You Chenyu, Min Yifei, Dai Weicheng, Sekhon Jasjeet S, Staib Lawrence, Duncan James S
Yale University.
Proc IEEE Comput Soc Conf Comput Vis Pattern Recognit. 2024 Jun;2024:26140-26150. doi: 10.1109/cvpr52733.2024.02470. Epub 2024 Sep 16.
Fine-tuning pre-trained vision-language models, like CLIP, has yielded success on diverse downstream tasks. However, several pain points persist for this paradigm: (i) directly tuning entire pre-trained models becomes both time-intensive and computationally costly. Additionally, these tuned models tend to become highly specialized, limiting their practicality for real-world deployment; (ii) recent studies indicate that pre-trained vision-language classifiers may overly depend on spurious features - patterns that correlate with the target in training data, but are not related to the true labeling function; and (iii) existing studies on mitigating the reliance on spurious features, largely based on the assumption that we can identify such features, does not provide definitive assurance for real-world applications.

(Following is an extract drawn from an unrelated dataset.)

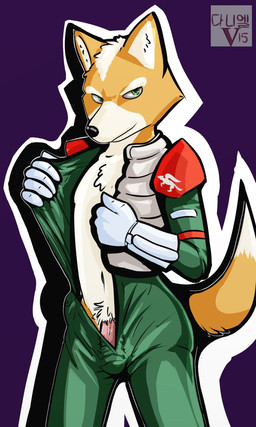 anthro biped black_nose cheek_tuft chest_tuft clothed clothing countershade_face countershade_torso countershading dipstick_tail erection erection_under_clothing facial_tuft fur genitals green_clothing green_eyes inner_ear_fluff jumpsuit looking_at_viewer male markings mohawk multicolored_tail navel open_clothing orange_body orange_fur outline penis penis_base pink_penis pointy_ears prick_ears pubes smile smug solo tail tail_markings topwear tuft undressing vest white_body white_clothing white_countershading white_fur white_inner_ear white_tail_tip white_topwear white_tuft white_vest siriusandpyri nintendo star_fox fox_mccloud canid canine fox mammal 2015 3:5 digital_media_(artwork) hi_res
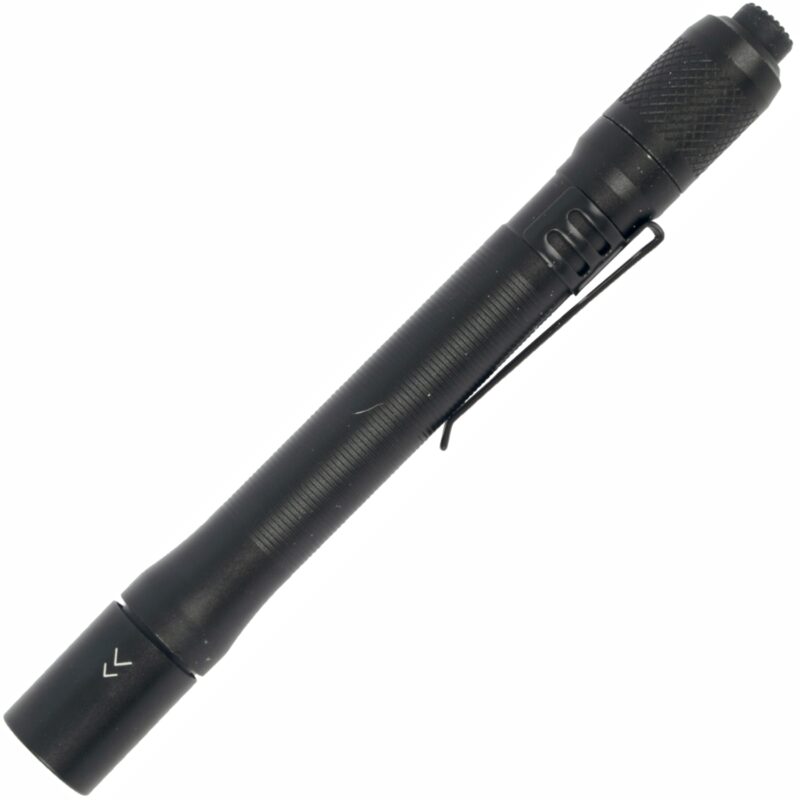 TORCH LED ALUM FOCUS ADJ 100LM BLK USE 2 X AAA BAT 2 MODE FLASH LIGHT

As a piloting study, this work focuses on exploring mitigating the reliance on spurious features for CLIP without using any group annotation. To this end, we systematically study the existence of spurious correlation on CLIP and CLIP+ERM. We first, following recent work on Deep Feature Reweighting (DFR), verify that last-layer retraining can greatly improve group robustness on pretrained CLIP. In view of them, we advocate a lightweight representation calibration method for fine-tuning CLIP, by first generating a calibration set using the pretrained CLIP, and then calibrating representations of samples within this set through contrastive learning, all without the need for group labels. Extensive experiments and in-depth visualizations on several benchmarks validate the effectiveness of our proposals, largely reducing reliance and significantly boosting the model generalization. Our codes will be available in here.
微调预训练的视觉语言模型,如CLIP,已在各种下游任务中取得成功。然而,这种范式仍存在几个痛点:(i)直接微调整个预训练模型既耗时又计算成本高。此外,这些微调后的模型往往变得高度专业化,限制了它们在实际部署中的实用性;(ii)最近的研究表明,预训练的视觉语言分类器可能过度依赖虚假特征——与训练数据中的目标相关但与真实标签函数无关的模式;(iii)现有的关于减轻对虚假特征依赖的研究,很大程度上基于我们可以识别此类特征的假设,并未为实际应用提供明确保证。作为一项试点研究,这项工作专注于探索在不使用任何组注释的情况下减轻CLIP对虚假特征的依赖。为此,我们系统地研究了CLIP和CLIP+ERM上虚假相关性的存在。我们首先,遵循最近关于深度特征重加权(DFR)的工作,验证最后一层再训练可以大大提高预训练CLIP上的组鲁棒性。鉴于此,我们提倡一种用于微调CLIP的轻量级表示校准方法,即首先使用预训练的CLIP生成一个校准集,然后通过对比学习在校准集内校准样本的表示,所有这些都无需组标签。在几个基准上进行的广泛实验和深入可视化验证了我们提议的有效性,大大减少了依赖并显著提高了模型的泛化能力。我们的代码将在此处提供。